TASK INSTRUCTIONS: Please write out exactly the lines of the data below from the line holding "Used 2022 Volkswagen Jetta SE image 20" through the line holding "Relaxed-fit T-shirt with round neck_3", and leave out the rest.

EXCERPTED RECORDS:
+ + + + +
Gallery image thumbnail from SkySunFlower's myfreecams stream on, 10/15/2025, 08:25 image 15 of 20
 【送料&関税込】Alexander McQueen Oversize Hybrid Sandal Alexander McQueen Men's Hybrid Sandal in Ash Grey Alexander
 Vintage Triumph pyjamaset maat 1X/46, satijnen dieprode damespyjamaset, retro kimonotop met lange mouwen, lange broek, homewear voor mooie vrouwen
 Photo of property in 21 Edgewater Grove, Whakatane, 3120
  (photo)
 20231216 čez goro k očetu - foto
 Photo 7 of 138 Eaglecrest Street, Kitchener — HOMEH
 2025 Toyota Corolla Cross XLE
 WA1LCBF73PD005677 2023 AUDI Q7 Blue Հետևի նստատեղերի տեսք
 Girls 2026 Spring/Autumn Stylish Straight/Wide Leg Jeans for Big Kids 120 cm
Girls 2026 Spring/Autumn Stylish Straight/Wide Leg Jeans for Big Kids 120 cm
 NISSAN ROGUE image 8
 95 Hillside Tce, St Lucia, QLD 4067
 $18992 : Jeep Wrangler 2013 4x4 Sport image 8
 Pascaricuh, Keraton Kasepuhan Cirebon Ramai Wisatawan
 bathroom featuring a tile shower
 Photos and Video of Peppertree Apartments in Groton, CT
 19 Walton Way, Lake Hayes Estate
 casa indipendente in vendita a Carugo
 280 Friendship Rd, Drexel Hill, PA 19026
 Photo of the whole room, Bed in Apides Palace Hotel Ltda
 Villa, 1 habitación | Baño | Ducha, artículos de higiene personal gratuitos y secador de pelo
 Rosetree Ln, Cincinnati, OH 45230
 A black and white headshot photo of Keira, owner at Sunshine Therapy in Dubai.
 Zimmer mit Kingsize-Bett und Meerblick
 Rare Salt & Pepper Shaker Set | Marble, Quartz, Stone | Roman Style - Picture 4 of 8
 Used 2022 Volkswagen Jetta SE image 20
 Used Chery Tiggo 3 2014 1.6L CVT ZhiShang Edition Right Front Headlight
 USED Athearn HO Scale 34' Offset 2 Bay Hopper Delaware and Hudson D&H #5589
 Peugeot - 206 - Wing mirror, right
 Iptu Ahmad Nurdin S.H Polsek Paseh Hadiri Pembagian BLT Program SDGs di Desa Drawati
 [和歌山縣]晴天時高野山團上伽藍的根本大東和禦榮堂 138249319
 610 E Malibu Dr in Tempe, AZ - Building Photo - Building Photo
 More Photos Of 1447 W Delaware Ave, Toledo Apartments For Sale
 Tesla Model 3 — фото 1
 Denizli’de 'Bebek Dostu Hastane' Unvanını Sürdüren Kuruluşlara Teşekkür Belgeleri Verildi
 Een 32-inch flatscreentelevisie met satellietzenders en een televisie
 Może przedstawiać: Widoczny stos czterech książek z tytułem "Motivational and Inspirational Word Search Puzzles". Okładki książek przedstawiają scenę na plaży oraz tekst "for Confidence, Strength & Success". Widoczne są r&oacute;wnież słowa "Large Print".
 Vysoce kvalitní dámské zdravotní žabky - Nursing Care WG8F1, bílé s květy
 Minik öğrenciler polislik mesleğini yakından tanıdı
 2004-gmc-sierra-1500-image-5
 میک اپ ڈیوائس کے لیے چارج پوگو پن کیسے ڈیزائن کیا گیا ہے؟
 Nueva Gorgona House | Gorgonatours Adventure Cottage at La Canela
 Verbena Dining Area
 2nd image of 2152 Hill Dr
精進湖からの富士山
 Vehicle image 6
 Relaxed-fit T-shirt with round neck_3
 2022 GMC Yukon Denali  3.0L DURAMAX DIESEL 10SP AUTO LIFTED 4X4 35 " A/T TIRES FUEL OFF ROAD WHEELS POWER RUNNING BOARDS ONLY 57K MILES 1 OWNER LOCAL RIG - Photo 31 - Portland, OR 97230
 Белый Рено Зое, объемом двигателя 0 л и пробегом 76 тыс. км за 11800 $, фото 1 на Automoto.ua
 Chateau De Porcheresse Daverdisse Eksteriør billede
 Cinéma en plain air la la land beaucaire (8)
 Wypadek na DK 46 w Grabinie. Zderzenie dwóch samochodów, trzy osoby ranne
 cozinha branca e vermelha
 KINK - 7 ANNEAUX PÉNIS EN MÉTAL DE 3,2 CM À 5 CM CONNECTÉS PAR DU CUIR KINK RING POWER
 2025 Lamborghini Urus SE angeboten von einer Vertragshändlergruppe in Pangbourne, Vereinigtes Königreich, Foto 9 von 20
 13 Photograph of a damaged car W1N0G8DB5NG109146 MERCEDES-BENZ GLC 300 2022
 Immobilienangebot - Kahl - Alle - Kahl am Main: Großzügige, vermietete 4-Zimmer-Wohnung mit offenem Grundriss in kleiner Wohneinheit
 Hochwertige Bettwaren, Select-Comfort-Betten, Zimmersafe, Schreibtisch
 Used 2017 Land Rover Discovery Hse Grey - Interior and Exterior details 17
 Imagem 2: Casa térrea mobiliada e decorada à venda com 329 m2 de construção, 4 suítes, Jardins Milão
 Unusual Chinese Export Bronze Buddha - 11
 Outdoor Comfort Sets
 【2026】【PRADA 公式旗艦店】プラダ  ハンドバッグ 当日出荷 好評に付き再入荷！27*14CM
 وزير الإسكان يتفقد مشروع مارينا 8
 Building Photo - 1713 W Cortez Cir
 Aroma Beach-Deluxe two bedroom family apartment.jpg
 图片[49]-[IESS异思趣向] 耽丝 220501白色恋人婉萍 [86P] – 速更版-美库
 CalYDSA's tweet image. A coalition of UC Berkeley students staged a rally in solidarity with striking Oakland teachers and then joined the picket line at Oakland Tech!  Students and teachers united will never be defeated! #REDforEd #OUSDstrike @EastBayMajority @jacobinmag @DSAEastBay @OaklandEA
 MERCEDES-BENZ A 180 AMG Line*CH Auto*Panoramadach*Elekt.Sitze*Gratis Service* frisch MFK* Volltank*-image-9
+ + + + +
RESULT BELOW:
 Used 2022 Volkswagen Jetta SE image 20
 Used Chery Tiggo 3 2014 1.6L CVT ZhiShang Edition Right Front Headlight
 USED Athearn HO Scale 34' Offset 2 Bay Hopper Delaware and Hudson D&H #5589
 Peugeot - 206 - Wing mirror, right
 Iptu Ahmad Nurdin S.H Polsek Paseh Hadiri Pembagian BLT Program SDGs di Desa Drawati
 [和歌山縣]晴天時高野山團上伽藍的根本大東和禦榮堂 138249319
 610 E Malibu Dr in Tempe, AZ - Building Photo - Building Photo
 More Photos Of 1447 W Delaware Ave, Toledo Apartments For Sale
 Tesla Model 3 — фото 1
 Denizli’de 'Bebek Dostu Hastane' Unvanını Sürdüren Kuruluşlara Teşekkür Belgeleri Verildi
 Een 32-inch flatscreentelevisie met satellietzenders en een televisie
 Może przedstawiać: Widoczny stos czterech książek z tytułem "Motivational and Inspirational Word Search Puzzles". Okładki książek przedstawiają scenę na plaży oraz tekst "for Confidence, Strength & Success". Widoczne są r&oacute;wnież słowa "Large Print".
 Vysoce kvalitní dámské zdravotní žabky - Nursing Care WG8F1, bílé s květy
 Minik öğrenciler polislik mesleğini yakından tanıdı
 2004-gmc-sierra-1500-image-5
 میک اپ ڈیوائس کے لیے چارج پوگو پن کیسے ڈیزائن کیا گیا ہے؟
 Nueva Gorgona House | Gorgonatours Adventure Cottage at La Canela
 Verbena Dining Area
 2nd image of 2152 Hill Dr
精進湖からの富士山
 Vehicle image 6
 Relaxed-fit T-shirt with round neck_3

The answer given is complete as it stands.